Creating an A+ Trade Show Exhibit
Studies confirm prospects and customers attend trade shows to learn. 60% of attendees surveyed say they come to shows because they want to increase their own professional knowledge—and that their efforts at trade show learning include an average of nine and a half hours per show viewing the exhibits.
However, despite prospects’ and customers’ desire to learn at trade shows, it isn’t easy to draw or hold their attention. Not when they are being bombarded with hundreds of exhibits and thousands of products and marketing messages.
To overcome this competition for attendees’ attention, you need a solid event marketing strategy. Here’s how you can create an A+ exhibit to distinguish your company from the crowd and persuade visitors to stop by:
Set Your Goals and Objectives
What do you hope to achieve from your trade show participation? Always start by articulating your goals clearly. Do you want to increase company awareness? Generate qualified leads for your sales force? Launch a new product?
Be SMART about setting your goals. Make sure your objectives are specific, measurable, attainable, relevant and timely.

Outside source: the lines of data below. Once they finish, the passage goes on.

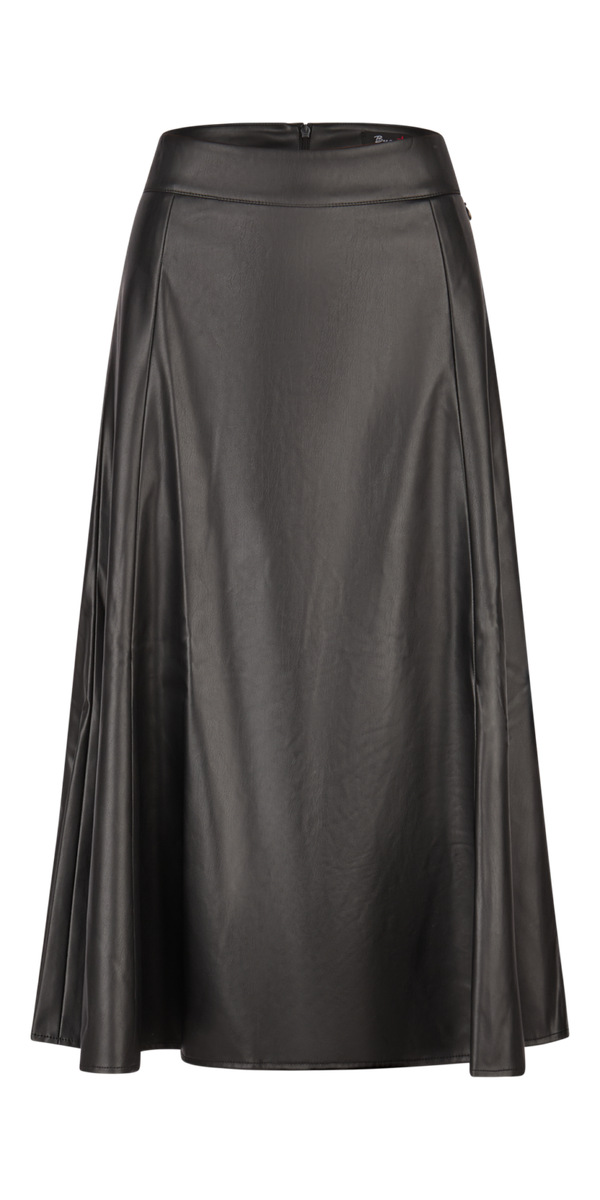 Flared Skirt vegan leather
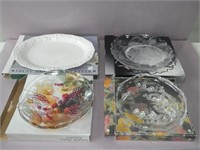 Four Serving Trays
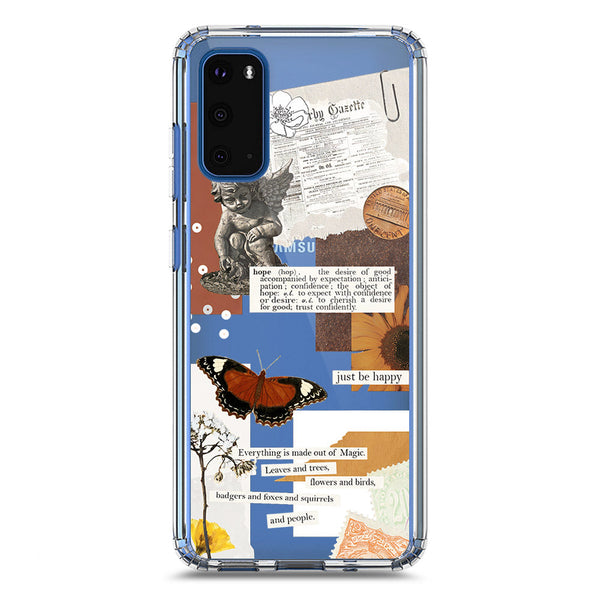 Aesthetic Design - Design 2 - Soft Phone Case - Crystal Clear Case - Samsung Galaxy S20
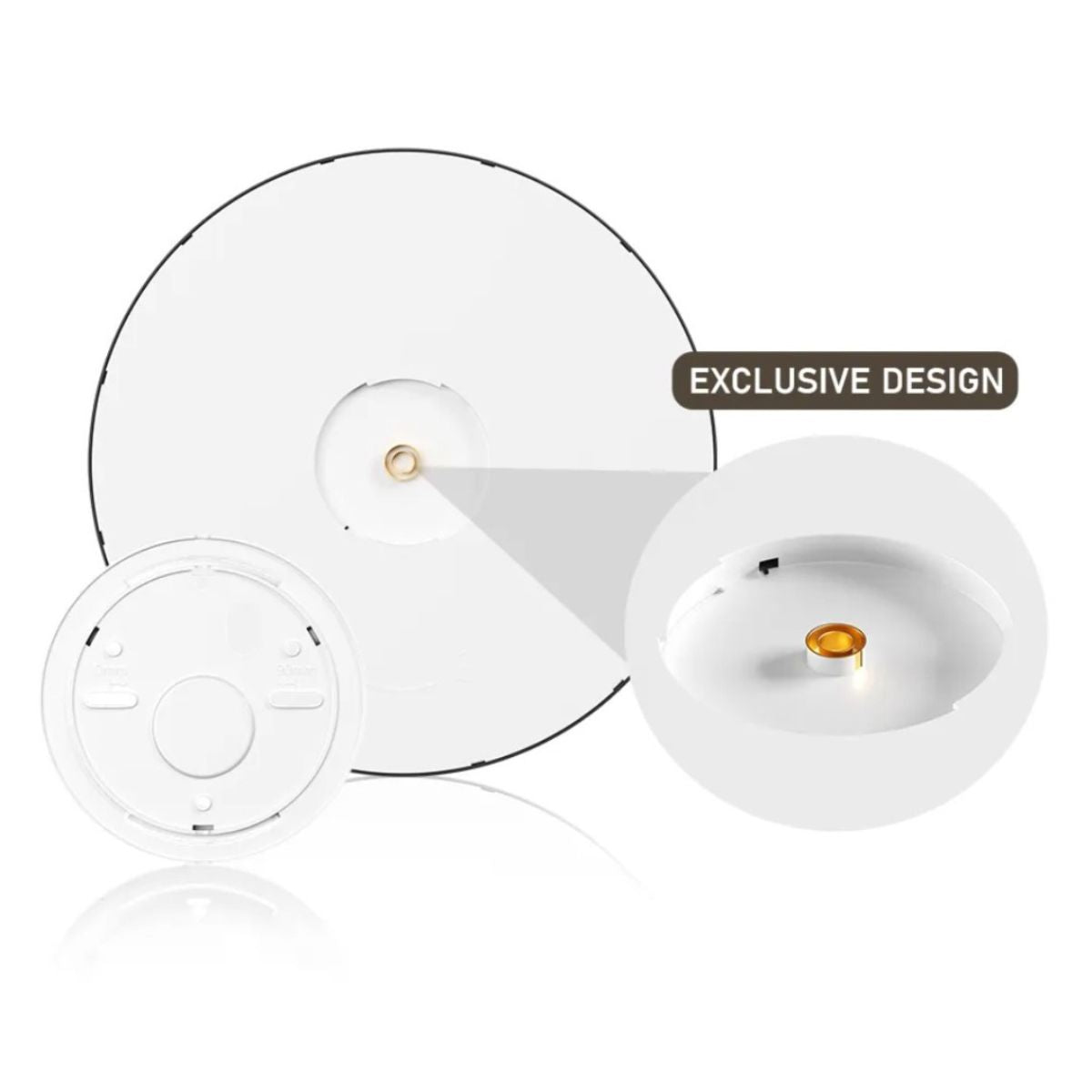 Luminaria Led Ultrafina Redonda diámetro 30cms 28W con conexión Bluetooth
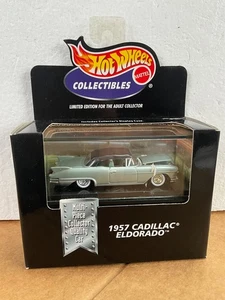 Cadillac Eldorado 1957 plateado 100 % coleccionables Hot Wheels 2000 - Imagen 1 de 23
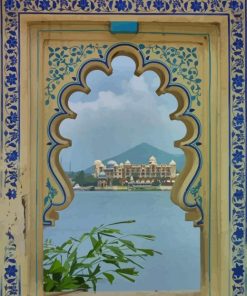 Indian Palace Window paint by numbers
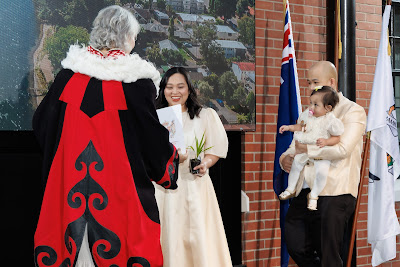 Photo from the HCC NZ Citizenship Ceremony 1 (Morning) held at The Atrium, Wintec/Te Pukenga, Hamilton, Waikato, New Zealand at 10:00am on Monday, 15 April, 2024. Photo: Mike Walen / KeyImagery Photography. Copyright: © Hamilton City Council.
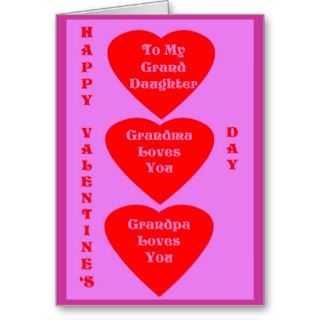 Valentine's Card For Granddaughter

Even if you’ve set goals in the past, check-in with senior management. Business plans change and priorities evolve. Make sure your goals still track with management’s.
Create Your Plan
With objectives clearly defined, it’s time to create a strategic plan to achieve (and hopefully exceed) those goals.
Forbes author and consultant Andrew Klausner recommends these plan elements:
- Detail the specific activities you intend to undertake
- Identify the audience each activity is targeted at
- Specify how you’re going to measure success
- Be flexible enough to allow adjustments as necessary
- Stipulate who on your team is responsible for each activity
Define the Experience
The design of your trade show exhibit and visitor experience are a primary way to stand out from other booths and to express your brand. In order to achieve effective trade show learning, every element should be consistent, positive and inviting. After all, your competitors are just an aisle or two away and ready to connect with the same prospects – or worse, your customers. If competitors do speak with members of your target audience, you want to make sure you’ve provided a superior exhibit and experience.
As you plan your experience, ask questions like:
- What will the attendee experience be like? It is quick? Or an enriched trade show learning experience?
- How will attendees flow through the exhibit? Is there a central starting point? Can the experience begin from any approach?
- Will attendees participate on their own, or will exhibit staff be on hand to facilitate the journey?
- Are there interesting design elements, visuals or lighting to accent the experience?
- How and where is contact or lead information captured?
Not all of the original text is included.